L’ensemble est structuré par rubriques d’une vingtaine de pages chacune (« Prolégomènes », « Effroi », « Foules », « Stratagèmes », etc.), sachant que l’unité thématique et stylistique des dessins de Topor amène forcément à relativiser le classement de telle ou telle œuvre dans telle ou telle catégorie. Cela permet au moins d’alléger la lecture de ces quelque deux cents pages, et de mettre en valeur les échos qui résonnent d’une planche à l’autre. Du reste, l’inattendue rubrique « Dessins politiques (1968-1975) » a le mérite de présenter un visage méconnu de Topor ; et le moins qu’on puisse dire est que la politique n’échappe pas à la noirceur féroce de celui qu’on associe plus volontiers aux corps dysfonctionnels et douloureux qu’à une caricature de Pompidou en empereur romain.
Car c’est à bon droit que Julie Bouvard insiste, dans la préface, sur le fait que les dessins de Topor « expriment “un mal inconnu des bulletins d’information, enfoui au plus profond”, pour reprendre la belle formulation du dessinateur Gérard Poussin. Ils véhiculent une vision – singulière, insolite, dérangeante, fascinante. Et surtout – persistante » (p. 6). Cette préface, pour le coup, ne se contente pas des louanges d’usage et des considérations convenues sur le traumatisme de l’enfermement chez Topor ou sur Topor le touche-à-tout.
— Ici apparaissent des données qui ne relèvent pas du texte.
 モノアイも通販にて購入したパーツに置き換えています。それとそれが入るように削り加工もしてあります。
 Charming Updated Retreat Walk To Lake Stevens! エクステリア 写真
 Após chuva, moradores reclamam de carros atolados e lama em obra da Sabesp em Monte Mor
Il me semble qu’on est en plein dans le vrai quand on dit que « Topor dessine comme l’enfant dessine – sans la moindre censure, ni stylistique, ni thématique. Comme l’enfant, c’est-à-dire non pas “sans réfléchir”, mais au contraire en y réfléchissant intensément, en étant complètement dans son dessin » (p. 7) – et pourtant je n’ai jamais lu cela ailleurs.
Pourtant, il me semble aussi que les dessins de Topor, bon gré mal gré, appellent toute une tradition de bouffonnerie noire : penser aux gravures de Goya, ou à celles inspirées par Bruegel ou Bosch – voir l’infirmier en camisole de force de la page 138, à lunettes et à bec d’oiseau, qui picore des cerveaux dans des boîtes crâniennes ouvertes. Sans le formuler expressément, Chefs-d’œuvre I met cet aspect en lumière.
Bien sûr, on peut aussi tout simplement feuilleter l’ouvrage, et apprécier l’éléphant pendu de la page 21, ou ailleurs (p. 87) ce dessin peut-être plus facile à imaginer qu’à décrire : un sombre méli-mélo de silhouettes cauchemardesques, sur lequel se découpent deux trous pour les yeux. Celui de gauche laisse voir un paysage vide, celui de droite un miroir posé sur un chevalet reflétant une tête de mort. J’y vois un assez bon condensé de l’univers graphique de Topor.